Hilde hatte noch keine Anklageschrift erhalten. Aber das besagte nichts. Sie kannte Fälle, in denen man dem Gefangenen erst kurz vor der Verhandlung die Anklageschrift in die Hand gesteckt hatte - und auch seinen Verteidiger hatte er bei der Gelegenheit zum ersten Mal zu Gesicht bekommen. - Sie ließ die Arbeit sinken.
„Ich weiß genau, dass man mich nur so lange am Leben lässt, bis das Kind da ist", sagte sie. „Aber so weit denke ich noch gar nicht. Hauptsache, dass das Kind gesund auf die Welt kommt." Sie nahm die Arbeit wieder auf, nähte ein paar Stiche, sah wieder auf. „Glauben Sie, dass man es wirklich herausgeben wird - später...? Ich möchte, dass es im Grünen aufwächst. Es soll ein fröhlicher Mensch werden..."
Sie sprach so ruhig von ihrem Tod, als handle es sich darum, eine Reise zu machen und vorher alle Vorbereitungen dafür zu treffen, dass die Zurückbleibenden auch ohne sie ihre Ordnung hatten. Sie bestimmte schon jetzt den Vormund für das Kind: Karl Röttgers, und sie schickte an ihre Schwiegermutter alle Unterlagen aus der Reichsversicherung, auf Grund deren das Kind bis zu seinem achtzehnten Jahr eine Rente beziehen konnte. Denn das war beschlossene Sache zwischen ihr und Hans: das Kind
würde bei Frieda Steffen bleiben. Es sollte in dem kleinen Häuschen aufwachsen, in dem sie selbst so glücklich gewesen waren. Hildes einzige Sorge war, dass die Gestapo das Kind nicht herausgeben würde, dass sie es in ein Lager steckte, dass sie - das war der schlimmste Gedanke - das Kind zweier Landesverräter nicht für wert hielt, am Leben zu bleiben. Die Beamtin zerstreute diese Bedenken immer von neuem.

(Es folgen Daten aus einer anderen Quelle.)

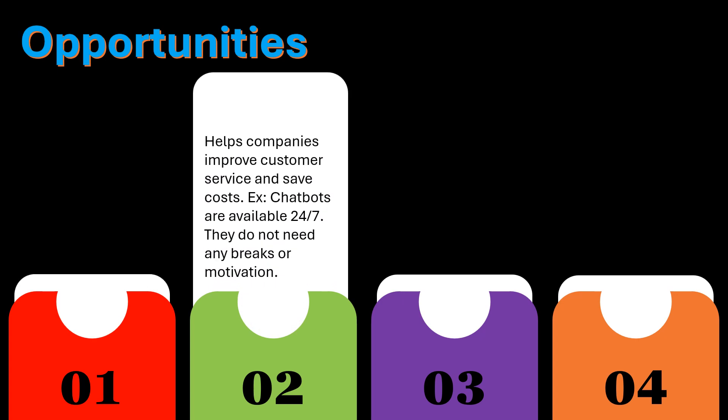Helps companies improve customer service and save costs. For example, chatbots are available 24-7. They do not need any breaks or motivation.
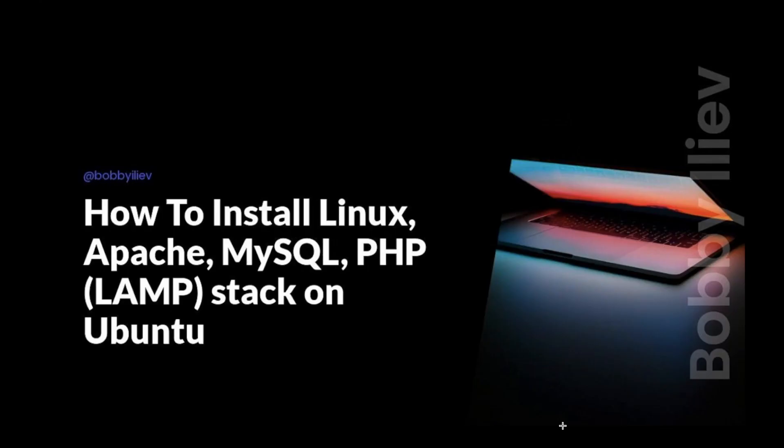Hello everybody! Today you'll learn how to install Apache, MySQL and PHP on an Ubuntu server, also known as the LAMP stack.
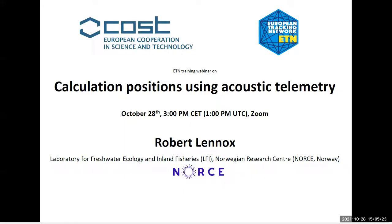Greetings and welcome to the fifth ETN training webinar. Today we will learn about basics in calculating positions of aquatic organisms. Our presenter will guide us through approaches such as network analysis, centers of activity, triangulation, YAPS, correlated random walks, home range, resource selection, and step selection functions. My name is Maria Prchalova, and together with Renan El we lead the working group for training and knowledge dissemination of the European Tracking Network COST action.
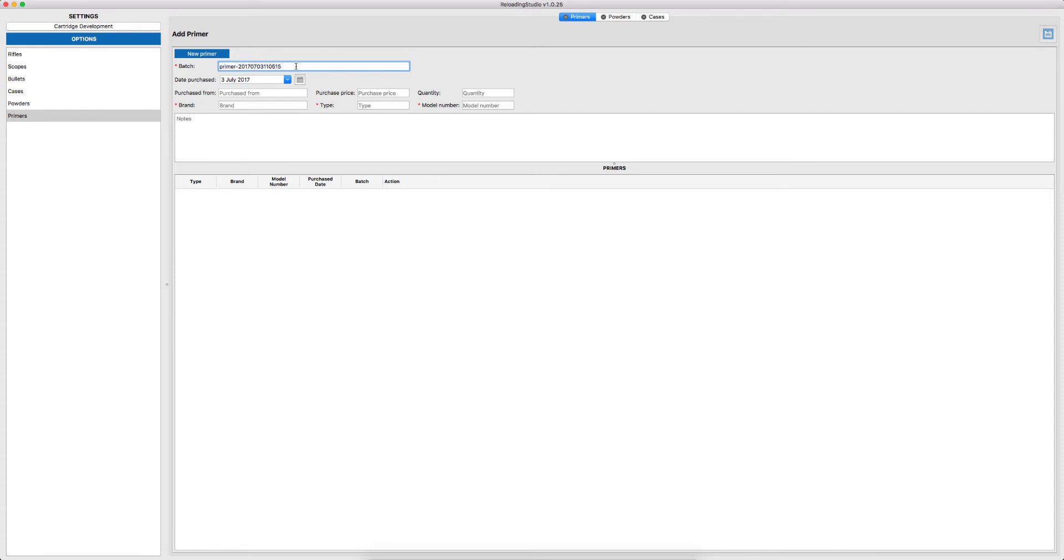For example, let's say you've purchased two or three identical boxes. Batch is the way to link a particular box or quantity to a particular cartridge without losing track of which one it is.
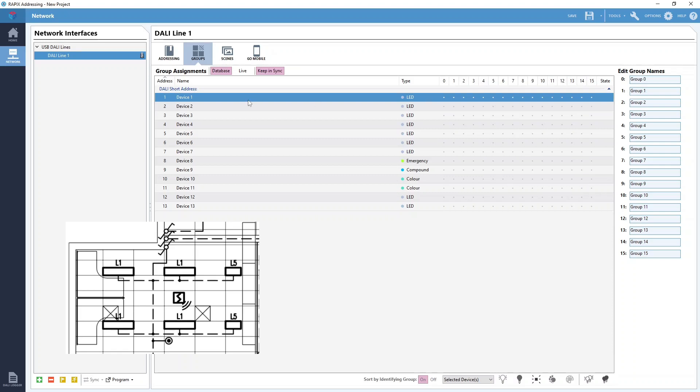So if we are going to use DALI group 1 for our room and we want to start by adding the DALI device at short address 1 to the group, all we have to do is click the little grey dot here that corresponds to the fitting we want and the group we want it in. The grey dot means the device isn't in that DALI group, but once it's added to the group the dot will change into the number of the group to show that it is now a member.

Wenn es ihr gelungen war, Hilde davon zu überzeugen, dass ein Säugling im Gefängnis, wie in jedem Lager, nur eine Belastung war, dass man also froh sein würde, ihn wieder loszuwerden - dann war Hilde wieder ruhig, fast heiter. Frau Groß verstand nicht, woher sie die Kraft dazu nahm. Sie selbst wusste, was es heißt, ein Kind zu verlieren. Sie war geschieden, und ihr Mann hatte, als er sie verließ, ihren sechsjährigen Jungen mitgenommen. Das lag jetzt fünf Jahre zurück, aber der Schmerz um den Verlust des Kindes war nicht geringer geworden - obwohl sie den Jungen von Zeit zu Zeit sah und an seiner Entwicklung von ferne teilnehmen konnte. Für Hilde Steffen war die Trennung viel endgültiger, weil es gleichzeitig ihr Abschied vom Leben war.

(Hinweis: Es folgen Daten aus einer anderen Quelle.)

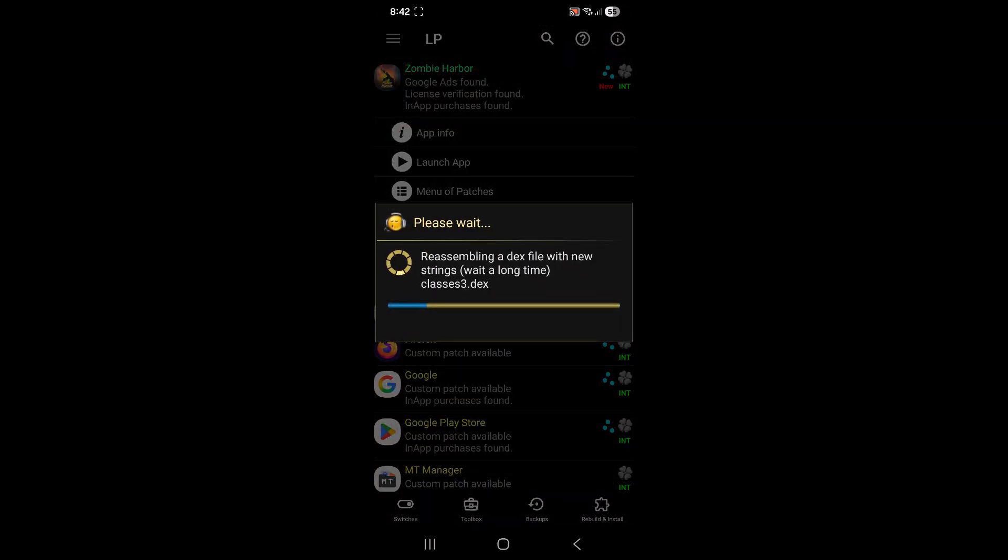Depending on the size of the game and the power and speed of your device, this may last a couple of minutes. So I'm going to pause the video and I'm going to come back once it's finished.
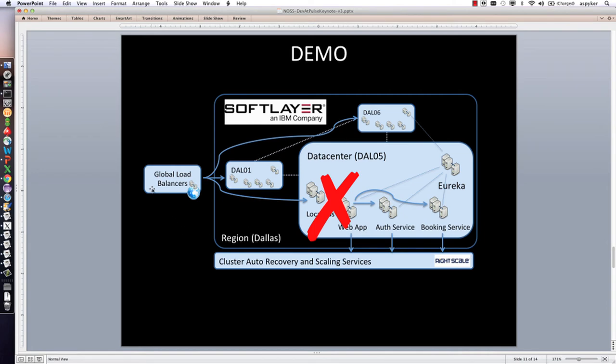This workload is coming into the application through global load balancers to a set of SoftLayer data centers: Dallas 1, Dallas 6, and Dallas 5.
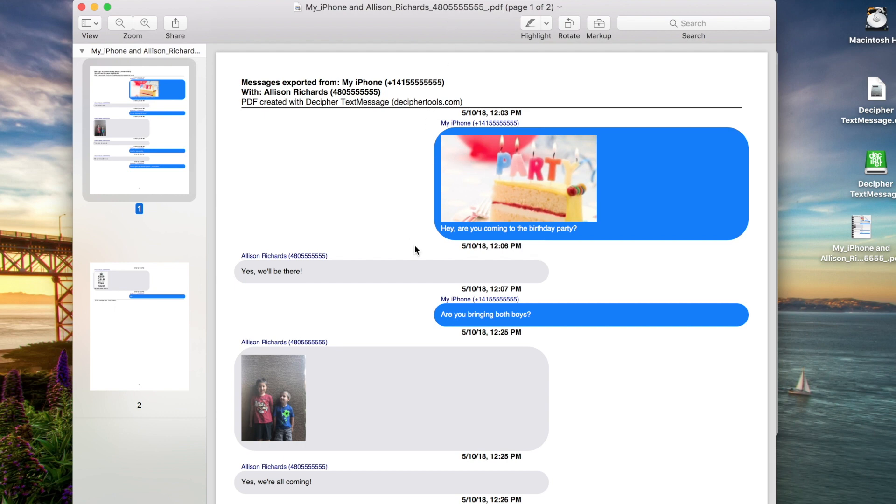Decipher Text Message also has a unique preference that attaches the contact info to every single text message sent and received.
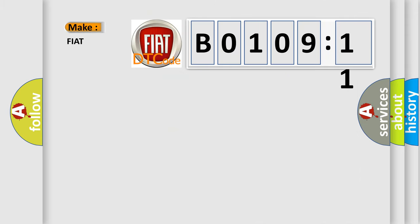So, what does the diagnostic trouble code B0109-11 interpret specifically for Fiat car manufacturers?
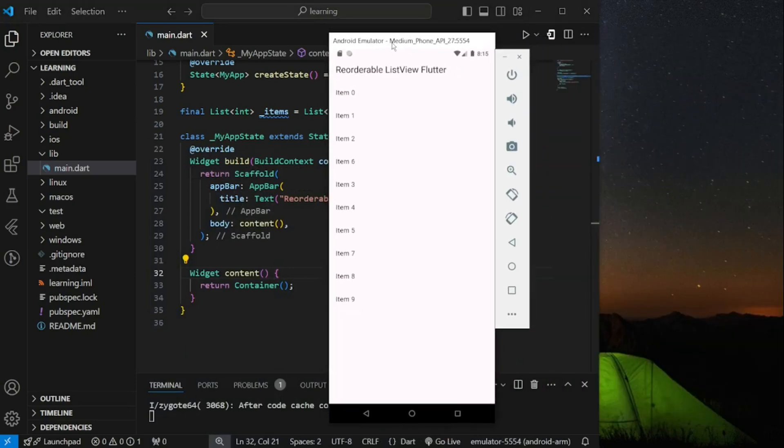In this video, you will learn how to create a reorderable list view in Flutter.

Einmal sprach sie mit Hilde darüber. Es war nach dem Abendessen, und über den Hof hinweg erklangen auch hier, wie in jedem Gefängnis, die ersten vorsichtigen Rufe von Fenster zu Fenster. Hanna Groß tat, als höre sie sie nicht. Hilde hatte heute früh den Besuch ihrer Schwiegermutter erhalten, die ebenso
wie ihre Mutter wieder in Freiheit gesetzt war. Frieda Steffen hatte ihr vor allem von Hans berichtet, den sie in der Prinz-Albrecht-Straße manchmal sehen durfte. Neben den spärlichen Briefen, die Hans und Hilde miteinander wechseln konnten, stellte die Mutter zwischen ihnen die einzige Verbindung dar. Sie selbst hatten sich seit der Verhaftung noch nicht wieder gesehen. Sorgfältig schien jede Begegnung zwischen ihnen bei den Vernehmungen vermieden zu werden.
„Hans hat nur einen Wunsch", erzählte Hilde. „Sein Kind zu sehen. Einmal wenigstens will er es in den Armen halten."
„Ist er ebenso gefasst wie Sie?" fragte die Beamtin.
Hilde nickte. Sie stand neben ihrer Pritsche, den Kopf an die Mauer gelehnt. „Wir wussten immer, worum es ging", sagte sie. Sie sah die andere voll an, ihre Augen standen groß in dem schmalen Gesicht, das schon anfing, die gelbe Gefängnisfarbe anzunehmen. „Ich denke immer, jedem Menschen ist nur ein bestimmtes Maß an Glück zugemessen", fuhr sie fort. „Und wir haben unser Teil gehabt - dadurch, dass wir uns gefunden haben, und durch die gemeinsame politische Arbeit. Sie hat uns mehr verbunden als alles andere."
Hanna Groß schwieg. Es schien ihr plötzlich, als ob Hilde und sie die Rollen getauscht hätten. Nicht sie war der Gefangenen gegenüber die Begünstigte -sondern es war genau umgekehrt, denn Hilde sah auf
ein erfülltes Leben zurück. Frau Groß verstand nichts von Politik. Sie war in die Nationalsozialistische Partei eingetreten, weil sie geglaubt hatte, dadurch an der Beseitigung manchen Unrechts mithelfen zu können. Vom Kommunismus wusste sie nicht mehr, als was ihr seit Jahren von der Goebbels-Propaganda eingehämmert worden war. An diesen „Binsenwahrheiten" begann sie jedoch zu zweifeln, seit sie in den Gefängnisdienst eingetreten war. Hier wurden Menschen gefangen gehalten und zum Tode verurteilt, deren Haltung ihr unter allen anderen Häftlingen die größte Hochachtung abrang. Und sie glaubte einfach nicht, dass es eine schlechte Sache war, für die eine Frau wie diese Hilde Steffen ihr Leben hingab.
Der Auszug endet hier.